--- INPUT MATERIAL ---

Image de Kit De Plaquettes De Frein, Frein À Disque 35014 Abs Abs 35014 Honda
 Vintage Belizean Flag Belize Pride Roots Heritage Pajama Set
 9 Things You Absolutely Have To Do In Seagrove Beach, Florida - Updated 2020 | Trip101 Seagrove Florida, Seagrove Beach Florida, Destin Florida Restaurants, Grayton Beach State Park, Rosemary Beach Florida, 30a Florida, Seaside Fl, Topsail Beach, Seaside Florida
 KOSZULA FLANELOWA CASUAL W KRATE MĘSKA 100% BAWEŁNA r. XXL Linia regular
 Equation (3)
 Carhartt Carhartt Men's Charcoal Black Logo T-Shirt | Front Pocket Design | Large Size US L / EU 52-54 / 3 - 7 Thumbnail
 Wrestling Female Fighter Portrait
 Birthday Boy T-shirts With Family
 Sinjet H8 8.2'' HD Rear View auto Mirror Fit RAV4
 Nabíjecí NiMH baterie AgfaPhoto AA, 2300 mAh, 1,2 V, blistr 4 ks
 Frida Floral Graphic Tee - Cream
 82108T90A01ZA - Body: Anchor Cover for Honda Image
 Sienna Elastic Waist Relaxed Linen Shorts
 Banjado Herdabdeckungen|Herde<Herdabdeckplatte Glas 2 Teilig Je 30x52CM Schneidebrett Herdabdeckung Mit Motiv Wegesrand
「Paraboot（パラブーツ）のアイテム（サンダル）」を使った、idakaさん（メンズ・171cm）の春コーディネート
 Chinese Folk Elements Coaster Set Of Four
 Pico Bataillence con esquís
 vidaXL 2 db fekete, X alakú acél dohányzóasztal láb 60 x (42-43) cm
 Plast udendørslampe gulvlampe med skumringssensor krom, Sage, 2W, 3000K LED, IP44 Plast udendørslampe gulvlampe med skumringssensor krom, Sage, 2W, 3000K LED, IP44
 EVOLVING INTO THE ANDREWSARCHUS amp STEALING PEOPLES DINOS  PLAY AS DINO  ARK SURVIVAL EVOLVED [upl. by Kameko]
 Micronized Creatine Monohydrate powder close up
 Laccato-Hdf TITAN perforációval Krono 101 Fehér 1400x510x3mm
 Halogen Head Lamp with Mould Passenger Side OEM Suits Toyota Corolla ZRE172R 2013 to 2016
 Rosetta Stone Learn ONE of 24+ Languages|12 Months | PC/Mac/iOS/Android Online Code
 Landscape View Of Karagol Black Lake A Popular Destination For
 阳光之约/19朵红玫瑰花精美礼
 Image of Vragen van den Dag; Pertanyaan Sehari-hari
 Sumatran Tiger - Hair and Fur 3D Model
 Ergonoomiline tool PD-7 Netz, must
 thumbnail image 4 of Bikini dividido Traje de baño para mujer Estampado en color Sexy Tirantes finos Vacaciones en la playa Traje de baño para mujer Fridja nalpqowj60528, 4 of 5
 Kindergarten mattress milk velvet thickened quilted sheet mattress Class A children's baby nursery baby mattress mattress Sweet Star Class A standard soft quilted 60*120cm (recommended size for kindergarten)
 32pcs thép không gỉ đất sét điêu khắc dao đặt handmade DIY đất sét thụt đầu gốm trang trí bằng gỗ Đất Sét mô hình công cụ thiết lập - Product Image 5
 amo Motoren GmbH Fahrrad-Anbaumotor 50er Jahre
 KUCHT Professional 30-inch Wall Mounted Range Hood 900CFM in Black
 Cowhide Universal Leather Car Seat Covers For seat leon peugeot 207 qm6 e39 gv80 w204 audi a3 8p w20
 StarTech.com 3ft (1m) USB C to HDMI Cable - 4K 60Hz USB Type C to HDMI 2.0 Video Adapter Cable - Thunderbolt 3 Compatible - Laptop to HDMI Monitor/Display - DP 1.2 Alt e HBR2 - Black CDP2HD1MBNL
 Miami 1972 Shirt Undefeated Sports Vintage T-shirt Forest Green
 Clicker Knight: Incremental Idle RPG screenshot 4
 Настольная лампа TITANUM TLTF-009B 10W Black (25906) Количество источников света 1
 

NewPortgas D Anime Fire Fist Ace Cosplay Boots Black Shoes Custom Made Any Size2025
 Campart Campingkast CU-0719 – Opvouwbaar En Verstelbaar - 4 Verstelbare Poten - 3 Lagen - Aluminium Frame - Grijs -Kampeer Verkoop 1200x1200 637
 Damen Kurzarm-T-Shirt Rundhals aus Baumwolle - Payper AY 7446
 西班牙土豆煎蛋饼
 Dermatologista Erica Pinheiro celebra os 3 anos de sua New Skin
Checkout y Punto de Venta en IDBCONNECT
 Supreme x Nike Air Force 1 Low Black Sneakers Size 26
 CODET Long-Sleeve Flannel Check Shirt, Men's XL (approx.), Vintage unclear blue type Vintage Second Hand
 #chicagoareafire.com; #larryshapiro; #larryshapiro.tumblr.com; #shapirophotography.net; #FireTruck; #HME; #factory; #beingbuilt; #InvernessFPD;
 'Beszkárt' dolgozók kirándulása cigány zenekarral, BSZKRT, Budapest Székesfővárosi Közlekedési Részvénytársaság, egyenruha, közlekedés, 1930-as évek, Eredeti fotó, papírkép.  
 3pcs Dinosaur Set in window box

---

→ YOUR ASSIGNMENT:
Retype the whole listing above exactly.

→ SOLUTION TO THIS TASK:
Image de Kit De Plaquettes De Frein, Frein À Disque 35014 Abs Abs 35014 Honda
 Vintage Belizean Flag Belize Pride Roots Heritage Pajama Set
 9 Things You Absolutely Have To Do In Seagrove Beach, Florida - Updated 2020 | Trip101 Seagrove Florida, Seagrove Beach Florida, Destin Florida Restaurants, Grayton Beach State Park, Rosemary Beach Florida, 30a Florida, Seaside Fl, Topsail Beach, Seaside Florida
 KOSZULA FLANELOWA CASUAL W KRATE MĘSKA 100% BAWEŁNA r. XXL Linia regular
 Equation (3)
 Carhartt Carhartt Men's Charcoal Black Logo T-Shirt | Front Pocket Design | Large Size US L / EU 52-54 / 3 - 7 Thumbnail
 Wrestling Female Fighter Portrait
 Birthday Boy T-shirts With Family
 Sinjet H8 8.2'' HD Rear View auto Mirror Fit RAV4
 Nabíjecí NiMH baterie AgfaPhoto AA, 2300 mAh, 1,2 V, blistr 4 ks
 Frida Floral Graphic Tee - Cream
 82108T90A01ZA - Body: Anchor Cover for Honda Image
 Sienna Elastic Waist Relaxed Linen Shorts
 Banjado Herdabdeckungen|Herde<Herdabdeckplatte Glas 2 Teilig Je 30x52CM Schneidebrett Herdabdeckung Mit Motiv Wegesrand
「Paraboot（パラブーツ）のアイテム（サンダル）」を使った、idakaさん（メンズ・171cm）の春コーディネート
 Chinese Folk Elements Coaster Set Of Four
 Pico Bataillence con esquís
 vidaXL 2 db fekete, X alakú acél dohányzóasztal láb 60 x (42-43) cm
 Plast udendørslampe gulvlampe med skumringssensor krom, Sage, 2W, 3000K LED, IP44 Plast udendørslampe gulvlampe med skumringssensor krom, Sage, 2W, 3000K LED, IP44
 EVOLVING INTO THE ANDREWSARCHUS amp STEALING PEOPLES DINOS  PLAY AS DINO  ARK SURVIVAL EVOLVED [upl. by Kameko]
 Micronized Creatine Monohydrate powder close up
 Laccato-Hdf TITAN perforációval Krono 101 Fehér 1400x510x3mm
 Halogen Head Lamp with Mould Passenger Side OEM Suits Toyota Corolla ZRE172R 2013 to 2016
 Rosetta Stone Learn ONE of 24+ Languages|12 Months | PC/Mac/iOS/Android Online Code
 Landscape View Of Karagol Black Lake A Popular Destination For
 阳光之约/19朵红玫瑰花精美礼
 Image of Vragen van den Dag; Pertanyaan Sehari-hari
 Sumatran Tiger - Hair and Fur 3D Model
 Ergonoomiline tool PD-7 Netz, must
 thumbnail image 4 of Bikini dividido Traje de baño para mujer Estampado en color Sexy Tirantes finos Vacaciones en la playa Traje de baño para mujer Fridja nalpqowj60528, 4 of 5
 Kindergarten mattress milk velvet thickened quilted sheet mattress Class A children's baby nursery baby mattress mattress Sweet Star Class A standard soft quilted 60*120cm (recommended size for kindergarten)
 32pcs thép không gỉ đất sét điêu khắc dao đặt handmade DIY đất sét thụt đầu gốm trang trí bằng gỗ Đất Sét mô hình công cụ thiết lập - Product Image 5
 amo Motoren GmbH Fahrrad-Anbaumotor 50er Jahre
 KUCHT Professional 30-inch Wall Mounted Range Hood 900CFM in Black
 Cowhide Universal Leather Car Seat Covers For seat leon peugeot 207 qm6 e39 gv80 w204 audi a3 8p w20
 StarTech.com 3ft (1m) USB C to HDMI Cable - 4K 60Hz USB Type C to HDMI 2.0 Video Adapter Cable - Thunderbolt 3 Compatible - Laptop to HDMI Monitor/Display - DP 1.2 Alt e HBR2 - Black CDP2HD1MBNL
 Miami 1972 Shirt Undefeated Sports Vintage T-shirt Forest Green
 Clicker Knight: Incremental Idle RPG screenshot 4
 Настольная лампа TITANUM TLTF-009B 10W Black (25906) Количество источников света 1
 

NewPortgas D Anime Fire Fist Ace Cosplay Boots Black Shoes Custom Made Any Size2025
 Campart Campingkast CU-0719 – Opvouwbaar En Verstelbaar - 4 Verstelbare Poten - 3 Lagen - Aluminium Frame - Grijs -Kampeer Verkoop 1200x1200 637
 Damen Kurzarm-T-Shirt Rundhals aus Baumwolle - Payper AY 7446
 西班牙土豆煎蛋饼
 Dermatologista Erica Pinheiro celebra os 3 anos de sua New Skin
Checkout y Punto de Venta en IDBCONNECT
 Supreme x Nike Air Force 1 Low Black Sneakers Size 26
 CODET Long-Sleeve Flannel Check Shirt, Men's XL (approx.), Vintage unclear blue type Vintage Second Hand
 #chicagoareafire.com; #larryshapiro; #larryshapiro.tumblr.com; #shapirophotography.net; #FireTruck; #HME; #factory; #beingbuilt; #InvernessFPD;
 'Beszkárt' dolgozók kirándulása cigány zenekarral, BSZKRT, Budapest Székesfővárosi Közlekedési Részvénytársaság, egyenruha, közlekedés, 1930-as évek, Eredeti fotó, papírkép.  
 3pcs Dinosaur Set in window box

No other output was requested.